Harry and Meghan's pregnancy announcement.
A formal announcement of a queen’s pregnancy was generally made at about four months. Around this time something known as a quickening had taken place. The quickening was when the queen felt her baby move for the first time. The good news gave England hope for an heir to the throne, a prince. So when the news was announced, it was widely celebrated throughout the country.
On the 27th of May 1537, on Trinity Sunday, Queen Jane Seymour felt her baby move for the first time. After the announcement was made, the celebrations started all over England and even in France. In London a Te Deum, a hymn, was sung in St Paul’s Cathedral, fires were lit and the people enjoyed wine.

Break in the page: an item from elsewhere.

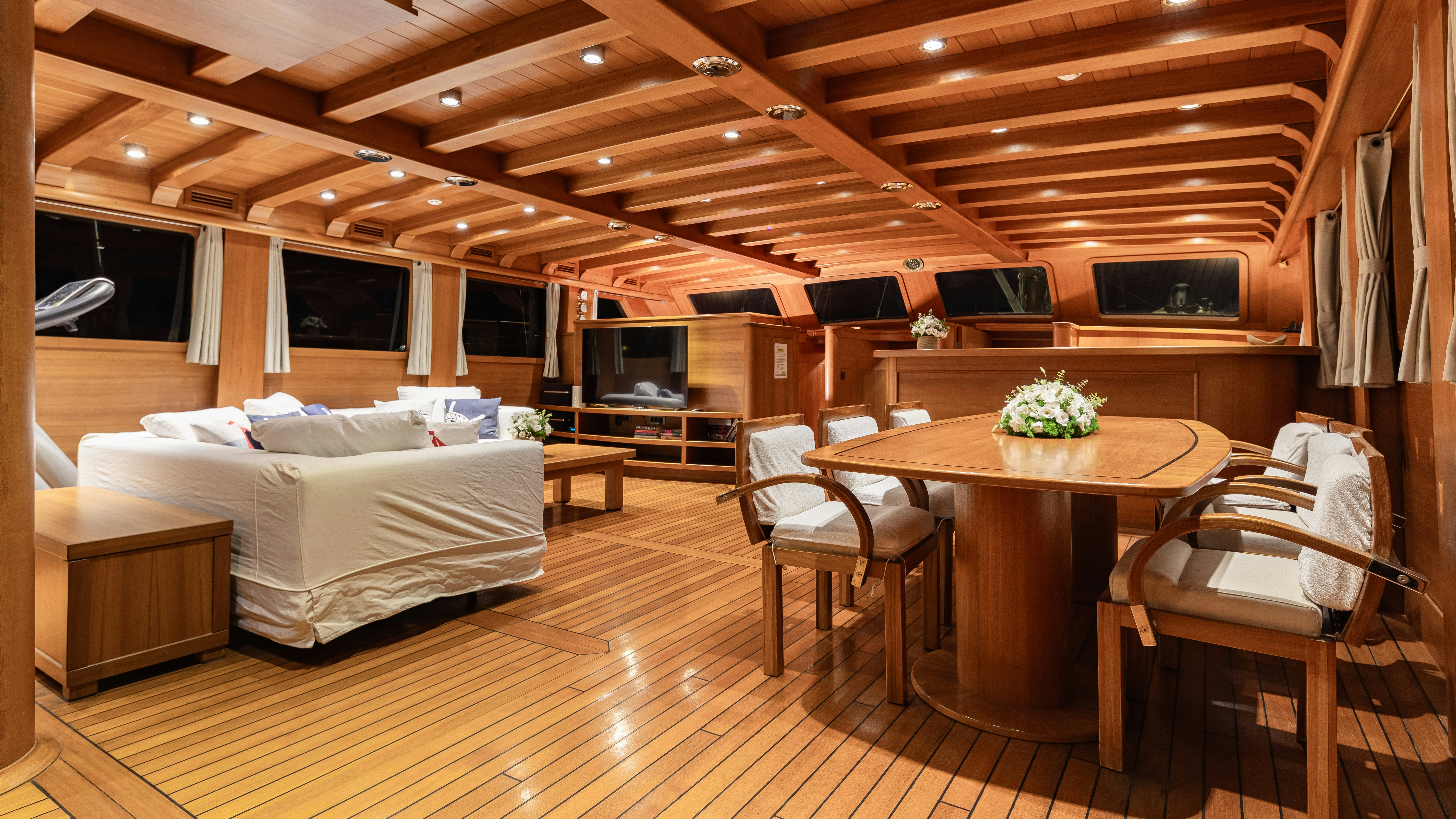 a room with a bed and a table aboard CAKIRYILDIZ Yacht for Sale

In Oxford a sermon was preached:
“The last and greatest benefit, the special cause of their assembly, is “that our most excellent lady and mistress queen Jane, our noble and godly prince’s, King Henry the Eighth’s, wife, hath conceived and is great with child, and upon Trinity Sunday, like one given of God, the child quickened in the mother’s womb.” Exhorts them to give praise, and pray that it may be a prince.”
In York celebrations included a Te Deum being sung, bonfires through the city and four hogsheads, the size of the barrel, of wine were ordered. The barrels of wine were laid in different places and could be enjoyed for free by the public. Across the Channel, in Guines and Calais, celebrations were organised which again included the singing of a Te Deum and fires. In Calais the guns shot off at 4 o’clock in honour of Henry and Jane’s unborn child, the child we now know as Edward VI.